At a Thursday conference of the Federal Energy Regulatory Commission, utility companies and state regulators urged officials to intervene and slow down the Obama administration’s Clean Power Plan (CPP).
President Obama’s Environmental Protection Agency’s regulatory proposal is designed to achieve 30 percent cuts in carbon emissions from power plants below 2005 levels by 2030. As currently written, it demands most of the cuts be front-loaded, with a 2020 deadline that utility companies and state regulators say is unreasonable. They argued Thursday that the need for planning and state-level legislation would delay any efforts at compliance until mid-2017 at the very earliest. And the plan under consideration will not even be finalized until this summer.
The EPA seems to be giving in to reality. Its administrator, Gina McCarthy, dropped this week what she called a “big hint” that the short-term deadline will be scrapped.
But the need for such a dramatic change at this late point in the process suggests that something has gone wrong. When the regulation was first promulgated, it already smacked of government arbitrariness. Was “30 percent by 2030” chosen for reasons backed by science, technical feasibility, and cost-benefit analysis, or was it just a pair of nice, round numbers? Likewise, was the 2005 number chosen as the benchmark because it represents something scientifically important, or because it happens to be ten years ago, almost exactly 6 billion metric tons, and a modern high point in carbon emissions (actually the second-highest in history)?
Evidence that fanaticism is trumping science and technical knowledge at the EPA abounds. Among the justifications offered by the plan’s supporters is the preposterous idea that the proposed emissions reductions — including the retention of the short-term 2020 deadlines — will actually change weather patterns and sea-levels significantly enough to save money for state governments.

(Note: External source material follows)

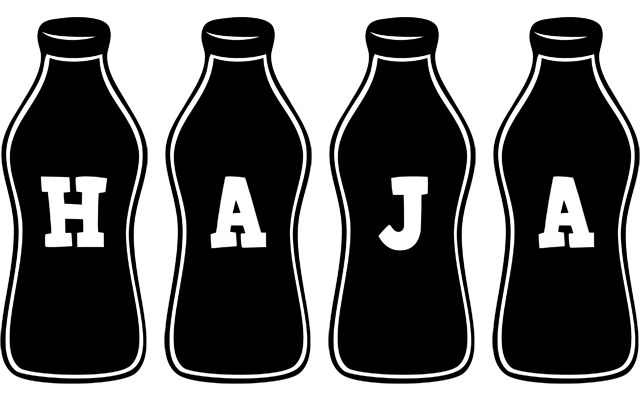 Haja bottle logo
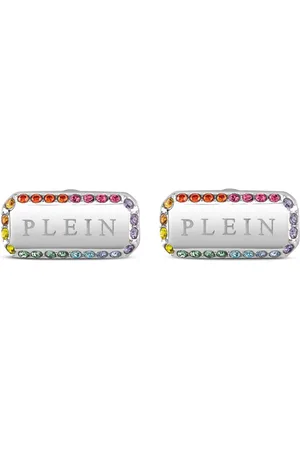 Philipp Plein Pendientes de acero inoxidable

Oh really? That’s funny, because carbon emissions from electrical generation in 2013 were already down 10 percent from 2005 levels — driven there by recession and by the free market choosing cheaper natural gas over coal power. Will anyone be so daft as to come forward and argue that this reduction has already changed weather patterns or sea levels during that eight-year period? That would be at least as wacky as outright denial that climate change has occurred.
Consider also the apparent exclusion of the federal government’s top regulator of electricity, FERC, from the regulatory process up until now. “Neither I nor my staff participated in meetings or conversations that would support the contention that FERC actively participated in the development of the Clean Power Plan,” Commissioner Tony Clark noted in a letter to Congress last month. “With regard to FERC staff generally, I believe it unreasonable to conclude that FERC meaningfully or substantially participated in the plan’s development.”
Clark added that the commission’s only input involved “a handful of high level, general discussions based on a limited review of only portions of the CPP proposal that were provided to FERC.”
Increasingly, it appears that rules for the serious business of delivering electricity to Americans are being chosen by zealots who — though rich in fears of cataclysmic effects supposedly arising from climate change — evidently lack expertise in how the nation’s electricity is provided. Perhaps Obama made campaign promises and feels he has to follow through, but Americans need energy in both the long and the short term. Ideological fervor alone will not keep the lights burning.